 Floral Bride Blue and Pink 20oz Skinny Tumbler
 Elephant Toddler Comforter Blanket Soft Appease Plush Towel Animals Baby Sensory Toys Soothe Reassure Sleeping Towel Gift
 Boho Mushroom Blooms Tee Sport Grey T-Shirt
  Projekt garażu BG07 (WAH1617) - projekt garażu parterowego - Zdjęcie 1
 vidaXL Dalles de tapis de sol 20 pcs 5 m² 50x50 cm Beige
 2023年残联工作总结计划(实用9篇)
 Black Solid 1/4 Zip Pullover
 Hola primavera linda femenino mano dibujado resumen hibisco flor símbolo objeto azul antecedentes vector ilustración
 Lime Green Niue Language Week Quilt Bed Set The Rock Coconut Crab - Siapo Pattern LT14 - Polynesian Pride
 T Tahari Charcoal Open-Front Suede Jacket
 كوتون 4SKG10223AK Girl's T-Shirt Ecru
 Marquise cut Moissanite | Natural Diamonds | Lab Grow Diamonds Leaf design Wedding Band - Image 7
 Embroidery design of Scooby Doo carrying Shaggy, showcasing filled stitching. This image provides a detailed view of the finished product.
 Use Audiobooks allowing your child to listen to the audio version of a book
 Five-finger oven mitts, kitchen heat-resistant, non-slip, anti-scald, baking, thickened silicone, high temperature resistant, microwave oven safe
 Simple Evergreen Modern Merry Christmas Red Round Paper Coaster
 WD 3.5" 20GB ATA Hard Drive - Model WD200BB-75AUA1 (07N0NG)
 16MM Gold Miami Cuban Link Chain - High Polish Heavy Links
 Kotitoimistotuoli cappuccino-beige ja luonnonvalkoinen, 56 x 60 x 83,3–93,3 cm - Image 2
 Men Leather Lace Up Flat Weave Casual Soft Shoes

Exercise :: Your reply should contain every entry, repeated exactly.

Response for this exercise ::
 Floral Bride Blue and Pink 20oz Skinny Tumbler
 Elephant Toddler Comforter Blanket Soft Appease Plush Towel Animals Baby Sensory Toys Soothe Reassure Sleeping Towel Gift
 Boho Mushroom Blooms Tee Sport Grey T-Shirt
  Projekt garażu BG07 (WAH1617) - projekt garażu parterowego - Zdjęcie 1
 vidaXL Dalles de tapis de sol 20 pcs 5 m² 50x50 cm Beige
 2023年残联工作总结计划(实用9篇)
 Black Solid 1/4 Zip Pullover
 Hola primavera linda femenino mano dibujado resumen hibisco flor símbolo objeto azul antecedentes vector ilustración
 Lime Green Niue Language Week Quilt Bed Set The Rock Coconut Crab - Siapo Pattern LT14 - Polynesian Pride
 T Tahari Charcoal Open-Front Suede Jacket
 كوتون 4SKG10223AK Girl's T-Shirt Ecru
 Marquise cut Moissanite | Natural Diamonds | Lab Grow Diamonds Leaf design Wedding Band - Image 7
 Embroidery design of Scooby Doo carrying Shaggy, showcasing filled stitching. This image provides a detailed view of the finished product.
 Use Audiobooks allowing your child to listen to the audio version of a book
 Five-finger oven mitts, kitchen heat-resistant, non-slip, anti-scald, baking, thickened silicone, high temperature resistant, microwave oven safe
 Simple Evergreen Modern Merry Christmas Red Round Paper Coaster
 WD 3.5" 20GB ATA Hard Drive - Model WD200BB-75AUA1 (07N0NG)
 16MM Gold Miami Cuban Link Chain - High Polish Heavy Links
 Kotitoimistotuoli cappuccino-beige ja luonnonvalkoinen, 56 x 60 x 83,3–93,3 cm - Image 2
 Men Leather Lace Up Flat Weave Casual Soft Shoes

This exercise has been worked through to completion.